The Treasury Department will begin implementing contingency cash-holding measures on Monday to prevent the federal credit limit from being exceeded after a two-year debt ceiling suspension in late July.
Economists say these so-called extraordinary measures will allow the Treasury Department to pay the government’s bills for two to three months with no new debt. Thereafter, Congress must either increase or suspend the credit limit or risk the US failing to meet its obligations.
The limit, a facet of American politics for over a century, prevents the Treasury Department from issuing new bonds to fund government activities once a certain level of debt is reached. That level reached $ 22 trillion in August 2019 and was suspended until Saturday.
The new debt limit will include Washington’s additional borrowing since summer 2019. The Congressional Budget Office estimated in July that the new cap is likely to be just over $ 28.5 trillion.
Although the federal government has never defaulted, economists say such an event would have a catastrophic impact on the US economy by driving interest rates high.
“The government needs funds to pay interest on its debts, for example, and if it stops paying interest it could be extremely worrying for the financial markets,” Harvard University professor of economics Karen Dynan told CNBC on Thursday.
These funds will be used to pay government employees and send out social security checks, said Dynan, a finance officer under the Obama administration. “People depend on this money and could go through a lot of hardship if they don’t get it as planned.”
Still, the almost certain economic disaster has not stopped politicians over the years from using the debt ceiling as political football.
During the Obama administration, Republicans often used the specter of default as leverage to win spending cuts and other political priorities from the White House in return for voting to raise the debt ceiling.
But since the Democrats have marginal control in both the House and Senate, Dynan reiterated a consensus view that is not too concerned about an eventual compromise.
The Treasury Department declined to comment on the story, but referred CNBC to a recent letter from Secretary of State Janet Yellen to House Speaker Nancy Pelosi, D-Calif.
In it, Yellen Pelosi impressed that trillions in federal spending and Covid relief laws have made it harder to say how long the Treasury Department can maintain its exceptional measures.
“The period that extraordinary measures may last is subject to significant uncertainty due to a variety of factors, including the challenges of forecasting payments and revenues for the US government months into the future, exacerbated by the increased uncertainty surrounding payments and revenues in Regarding payments and revenues on the economic impact of the pandemic, “wrote the finance minister.
The extraordinary measures allow the Treasury Department to repay certain investments in federal pension programs and stop new ones to generate cash without adding to overall debt.
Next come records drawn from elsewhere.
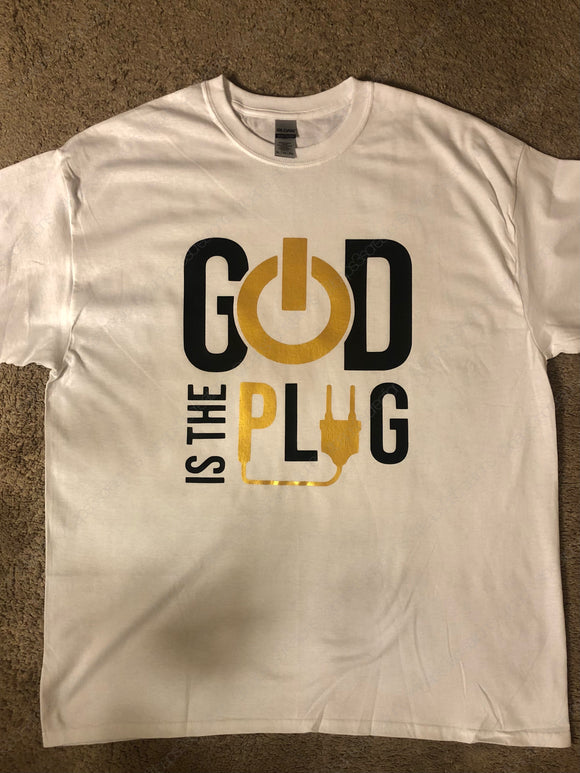 Religious T-Shirt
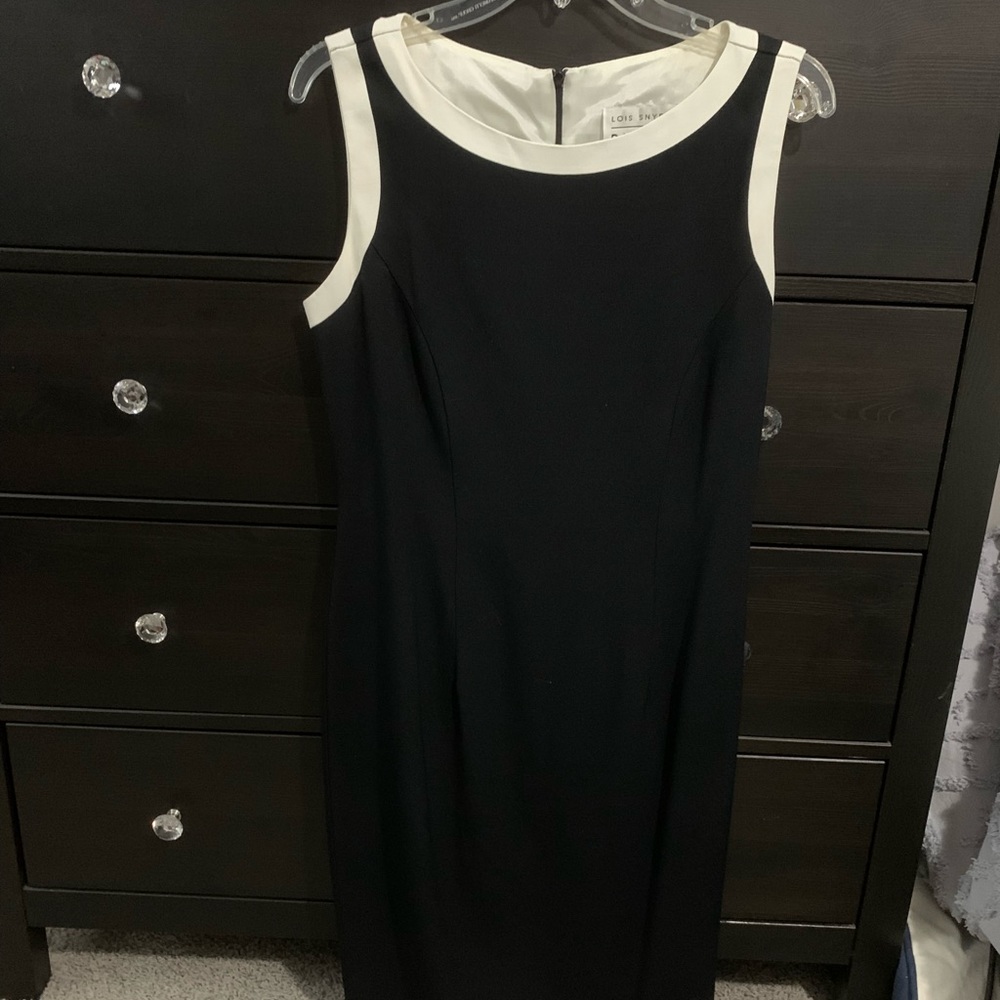 Meredith Blake dress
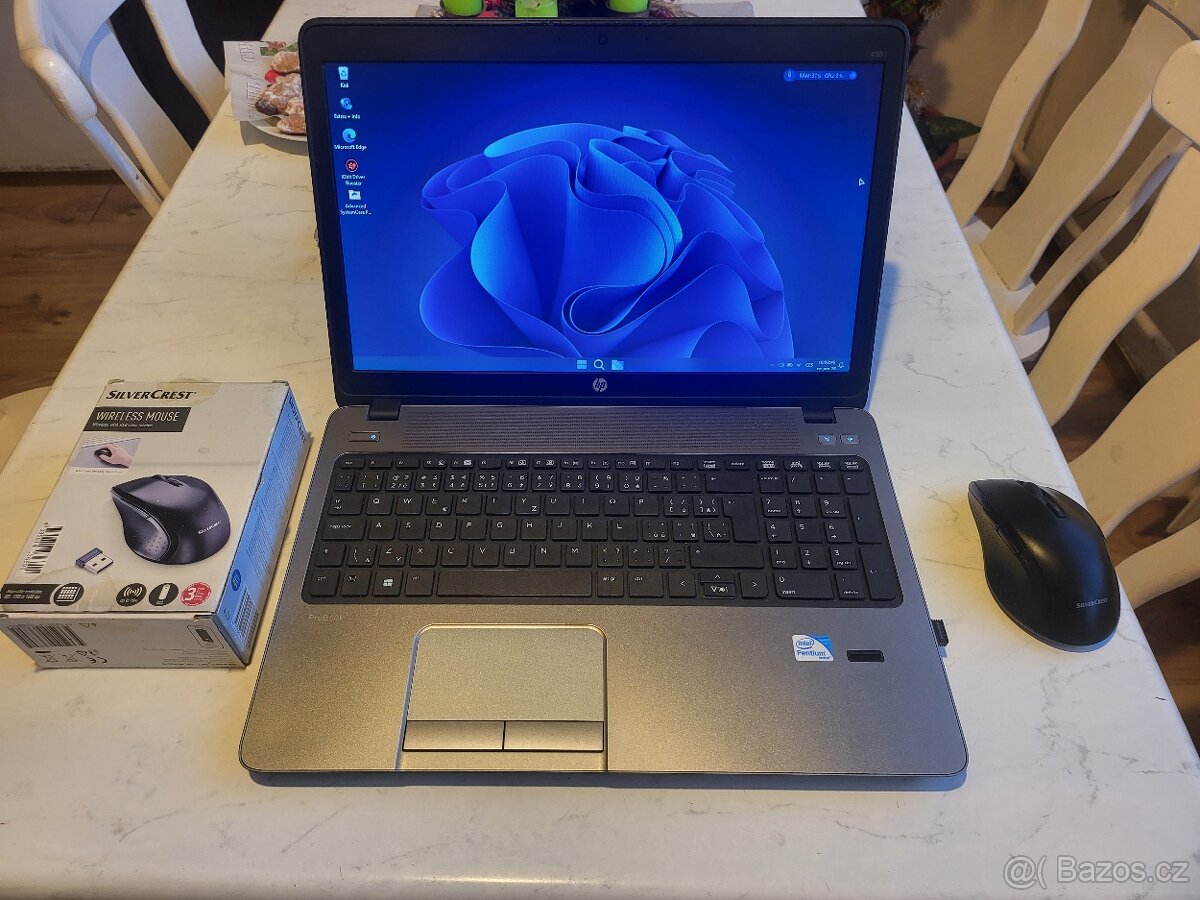 HP ProBook 450 G0 - 10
But when these methods are exhausted, there is no backstop.
Unless the government issues new government bonds, payments for Social Security, Medicare, military spending, interest on US debt, and other obligations will simply be suspended.
Lindsey Piegza, chief economist at Stifel, stated that extraordinary measures were neither new nor cause immediate concern.
“We have already implemented extraordinary measures, so this is not a huge problem from a procedural point of view,” she told CNBC last week.
“However, the implication is yet another showdown in Washington that is undermining the average American’s confidence in a cohesive, functioning government,” she added. “It also highlights the ongoing disputes between political officials that will make it difficult for both sides to come together on everything from spending to infrastructure to the debt ceiling.”
While economists may be optimistic about a possible suspension, the calculation in Washington is far more complicated.
The White House has as good as washed its hands off the debt-covering morass.
“It is the responsibility of Congress to raise or suspend the debt limit in order to pay for the expenses it has already approved over the years,” said a White House official, who spoke on condition of anonymity to order ongoing negotiations to speak.
In Congress, few politicians, Democrats or Republicans, want to be seen as proponents of increasing public debt 15 months before an election, even if government spending is otherwise popular.
To make matters worse this year is the fact that congressmen from both parties are eager to find a compromise on a trillion dollar infrastructure deal.
In addition, the Democrats plan to pass a US $ 3.5 trillion domestic spending bill later this year by party lines.
Pelosi not only has to raise enough votes to pass a debt brake or an increase, but also to protect its wafer-thin majority.
An adviser to the Democratic leadership of the House of Representatives told CNBC that discussions about the cap continue and that the party’s top lawmakers will not risk the full faith and creditworthiness of the United States.
The adviser did not say which route Congress will take.